Stored data entries:
# # #

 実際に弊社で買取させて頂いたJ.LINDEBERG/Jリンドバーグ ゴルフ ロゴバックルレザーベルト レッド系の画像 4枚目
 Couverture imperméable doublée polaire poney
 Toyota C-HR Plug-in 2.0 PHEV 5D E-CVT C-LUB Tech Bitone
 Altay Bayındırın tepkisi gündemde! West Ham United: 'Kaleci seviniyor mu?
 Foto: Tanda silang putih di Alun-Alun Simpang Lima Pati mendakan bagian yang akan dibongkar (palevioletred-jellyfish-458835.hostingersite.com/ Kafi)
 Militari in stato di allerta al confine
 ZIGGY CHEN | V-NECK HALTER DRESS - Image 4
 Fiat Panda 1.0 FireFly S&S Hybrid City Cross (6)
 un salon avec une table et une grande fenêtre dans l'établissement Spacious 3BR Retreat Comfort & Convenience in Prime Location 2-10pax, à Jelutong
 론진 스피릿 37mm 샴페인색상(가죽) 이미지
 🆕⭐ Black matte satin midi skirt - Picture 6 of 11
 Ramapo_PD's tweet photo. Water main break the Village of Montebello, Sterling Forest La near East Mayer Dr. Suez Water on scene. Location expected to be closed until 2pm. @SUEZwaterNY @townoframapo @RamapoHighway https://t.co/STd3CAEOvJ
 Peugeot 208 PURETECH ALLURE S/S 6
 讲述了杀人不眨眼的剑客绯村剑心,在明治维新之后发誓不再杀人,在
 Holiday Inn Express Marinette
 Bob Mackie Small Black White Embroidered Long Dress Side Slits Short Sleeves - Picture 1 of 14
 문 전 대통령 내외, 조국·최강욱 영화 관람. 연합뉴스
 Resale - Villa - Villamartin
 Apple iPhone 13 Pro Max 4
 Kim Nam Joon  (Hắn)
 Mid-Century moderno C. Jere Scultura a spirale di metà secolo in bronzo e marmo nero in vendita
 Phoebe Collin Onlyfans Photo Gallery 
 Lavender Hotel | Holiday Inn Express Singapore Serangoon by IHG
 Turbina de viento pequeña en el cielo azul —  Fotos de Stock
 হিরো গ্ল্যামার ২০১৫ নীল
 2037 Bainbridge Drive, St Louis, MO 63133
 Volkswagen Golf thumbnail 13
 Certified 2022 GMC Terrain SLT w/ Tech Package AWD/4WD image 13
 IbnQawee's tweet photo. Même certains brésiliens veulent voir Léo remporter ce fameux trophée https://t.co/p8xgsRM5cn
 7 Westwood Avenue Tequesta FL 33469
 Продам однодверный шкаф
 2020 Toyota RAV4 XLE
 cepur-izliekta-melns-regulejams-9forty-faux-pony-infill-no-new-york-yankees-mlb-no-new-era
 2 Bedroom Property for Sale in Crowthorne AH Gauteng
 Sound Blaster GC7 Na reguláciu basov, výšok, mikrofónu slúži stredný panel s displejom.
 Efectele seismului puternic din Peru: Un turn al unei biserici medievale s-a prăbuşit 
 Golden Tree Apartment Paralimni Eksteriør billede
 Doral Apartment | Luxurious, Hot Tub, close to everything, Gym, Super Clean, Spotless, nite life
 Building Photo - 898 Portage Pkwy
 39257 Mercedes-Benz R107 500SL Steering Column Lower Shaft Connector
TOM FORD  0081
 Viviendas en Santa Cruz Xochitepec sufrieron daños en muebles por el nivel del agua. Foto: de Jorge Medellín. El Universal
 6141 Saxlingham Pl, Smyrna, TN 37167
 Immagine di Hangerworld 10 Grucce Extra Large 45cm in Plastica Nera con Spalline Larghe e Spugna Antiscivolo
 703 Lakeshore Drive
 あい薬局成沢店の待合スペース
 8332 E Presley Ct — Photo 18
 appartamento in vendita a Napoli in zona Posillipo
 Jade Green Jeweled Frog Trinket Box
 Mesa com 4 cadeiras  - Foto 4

# # #

# [Exercise goal]
Both end lines included, restate word for word the lines above from the line with "Peugeot 208 PURETECH ALLURE S/S 6" to the line with "Apple iPhone 13 Pro Max 4", and nothing else.

# [Result]
 Peugeot 208 PURETECH ALLURE S/S 6
 讲述了杀人不眨眼的剑客绯村剑心,在明治维新之后发誓不再杀人,在
 Holiday Inn Express Marinette
 Bob Mackie Small Black White Embroidered Long Dress Side Slits Short Sleeves - Picture 1 of 14
 문 전 대통령 내외, 조국·최강욱 영화 관람. 연합뉴스
 Resale - Villa - Villamartin
 Apple iPhone 13 Pro Max 4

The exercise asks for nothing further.